Scherzetto in serbo Roma, Kolarov punisce Mihajlovic
Il serbo decide su punizione una gara bruttina Granata senza reazione: zero tiri in porta
Èstata una punizione, in tutti i sensi. Una rasoiata al minuto 24’ della ripresa, quando la gara non sapeva ancora che direzione prendere davvero, e Kolarov ha schiaffeggiato la Roma e il Torino insieme: ha scosso i suoi e castigato, esponendole all’evidenza, le incertezze degli avversari. Non solo quella di Sirigu, un po’ troppo gelato da quel tiro. Per Mihajlovic il danno e anche la beffa: chissà a suo tempo quanti consigli ha dato a Kolarov su come tirare le punizioni. Morale del giorno: c’è un’Europa più vicina e una che, per ora, si allontana. Questa Roma che in viaggio è un bunker (ancora zero gol subiti) e non perdona (11a vittoria in trasferta di fila, eguagliato il record dell’Inter 2006-07) ha recuperato due punti su Sarri e Spalletti e tiene il traguardo Champions bene in vista. Questo Toro vede l’Europa League più lontana perché ha perso anche la rima del suo stadio: il Grande Torino, dove non vince da quasi due mesi, non è più un fortino. Numeri di una semicrisi della squadra di Mihajlovic: due punti nelle ultime quattro partite, prende gol (13) da sei gare di fila. E stavolta non ha avuto neanche la forza di rimontare, anzi. IL SOLITO DISCO Se fino a ieri era la squadra dei rimpianti, ieri il Toro non ha avuto neppure quelli: se non l’assenza di Belotti, che sta mancando quanto era logico immaginare e forse più. Il solito disco, senza cambiare lato: errori individuali (il fallo di De Silvestri su El Shaarawy da cui è nata la punizione-gol), poca concretezza e tanta confusione nel cercare la porta. L’attacco infarcito di ex giallorossi – Iago, Ljajic, Sadiq – ha prodotto la miseria di zero tiri nello specchio e alla Roma è bastato badare all’utile, non al dilettevole: concretezza e personalità, più che bellezza. Di Francesco aveva proposto un «finto» 4-3-3 tendente a 4-3-1-2: Nainggolan esterno destro con licenza di accentrarsi. Soluzione per lo Schick in arrivo, forse: il tempo dirà. E dirà anche se per Nainggolan il ruolo di trequartista può essere davvero ideale: dubitativo d’obbligo. Così, con gli spazi liberati dal belga per la corsa (intermittente) di Florenzi e gli inserimenti di Pellegrini, la Roma si è trovata a pendere molto a destra. Rispetto a Londra, più tiepide la corsa e l’intensità nell’aggressione per andare a stanare nel suo territorio il Toro, che è stato al gioco per scelta.
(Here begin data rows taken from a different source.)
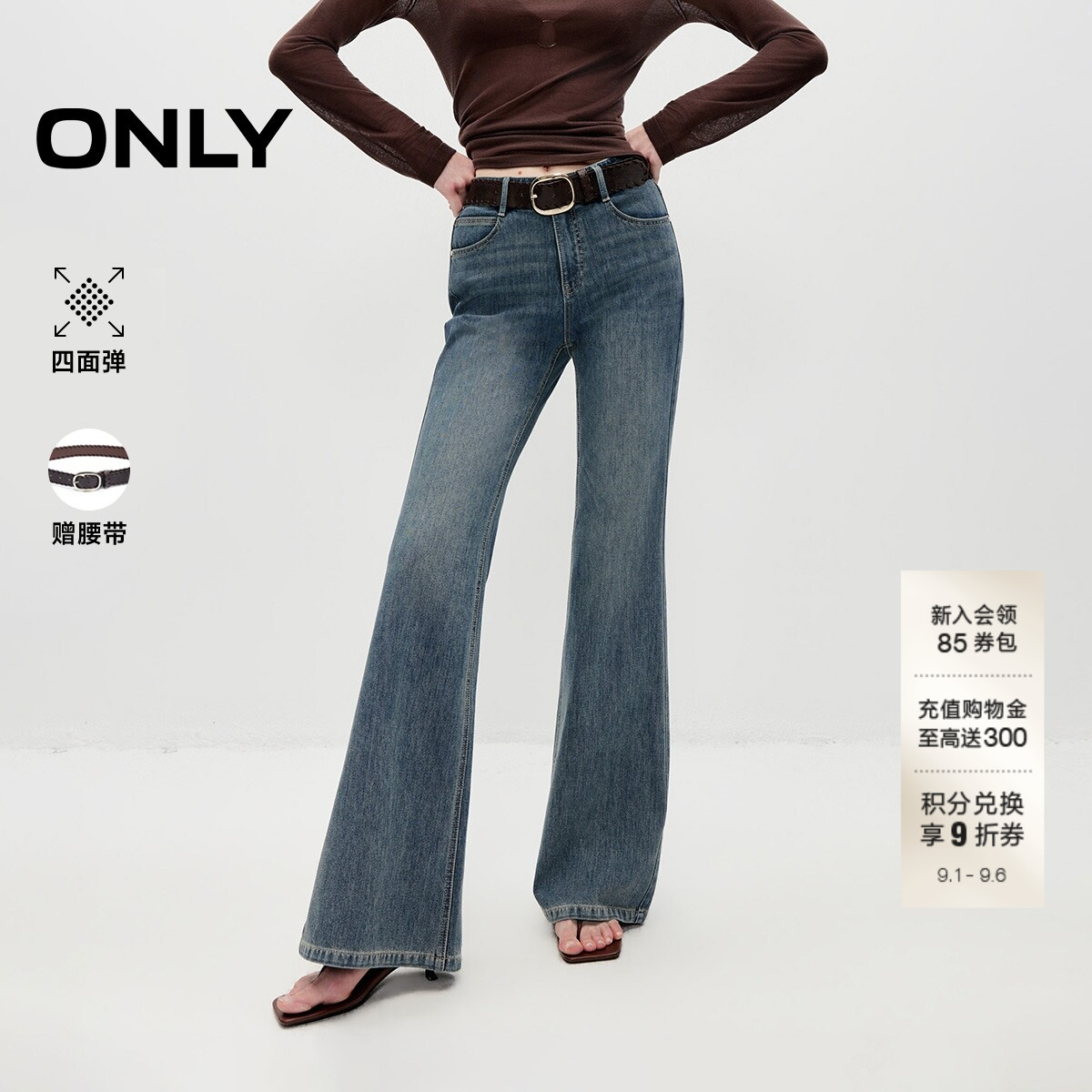 ONLY腰带复古喇叭裤长裤牛仔裤
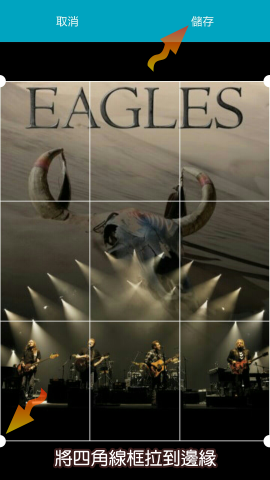 Samsung Gear S -- 我的 Eagles 錶面製作範例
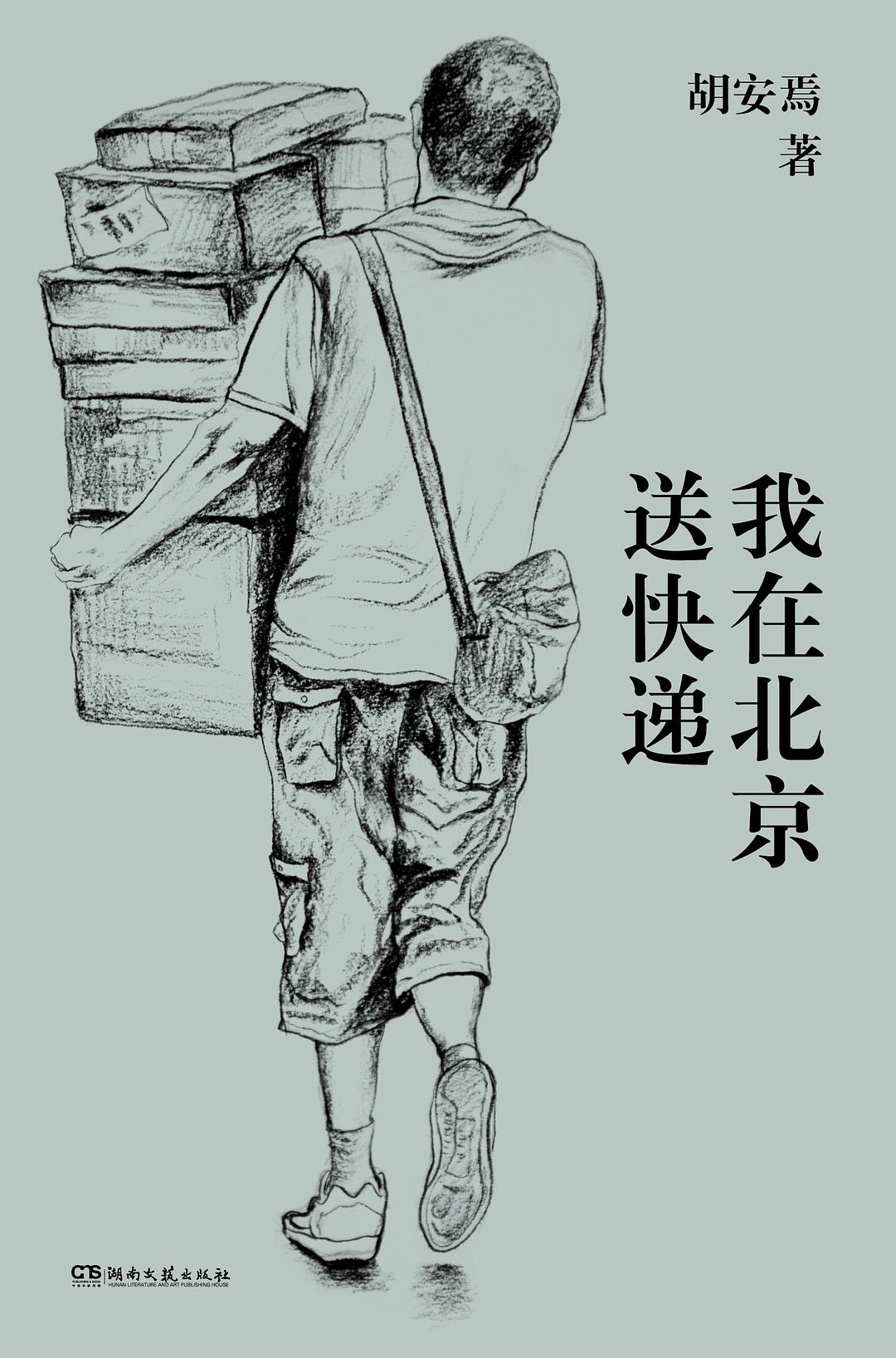 00 Attachment/s34522268.jpg|150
INCARTATI Compatto e tosto (15 falli nei primi 45’) grazie al doppio lavoro di Rincon, Baselli e pure Iago che hanno cercato di isolare De Rossi, confidando sui limiti di impostazione dei due centrali difensivi, in assenza di Fazio. E però molto basso, in attesa di ripartenze solo estemporanee e poi condite male. Quattro giocatori offensivi, due soli mediani (e Baselli non lo sarebbe) per disegnare una squadra che ha aspettato, più che aggredire: tanti lanci lunghi e troppo poco Ljajic per vedere un vero lampo di luce. Risultato: i primi 45’ sono stati assai incartati. A parte un colpo di testa fuori di Dzeko e un’esitazione fatale di Strootman a porta aperta, l’unico tiro della Roma (di Florenzi) non voleva esserlo; a parte una lettura ispirata di un taglio di Sadiq da parte di Ljajic, poi frustrata dal nigeriano, il Toro ha cincischiato strappi di volontà, più che vere idee offensive.
VARIABILE Nella ripresa Di Francesco, con Under, ha scelto un 4-3-3 più ortodosso, anche se Nainggolan ha avuto la stessa libertà di oscillare alle spalle di Dzeko, modulandolo in 4-23-1. La vera variabile è stato il colpo da biliardo di Kolarov da fermo: alla Roma non è rimasto che intensificare il possesso palla per prendersi definitivamente la partita e governarla, perché è stato lì, quando avrebbe dovuto provare a restituire il colpo, che è emersa l’impotenza offensiva del Toro, la sensazione che avrebbe fatto una fatica immane a pareggiare. E infatti il gol l’ha sfiorato davvero solo Bruno Peres, nel finale: ci mancava solo quella beffa.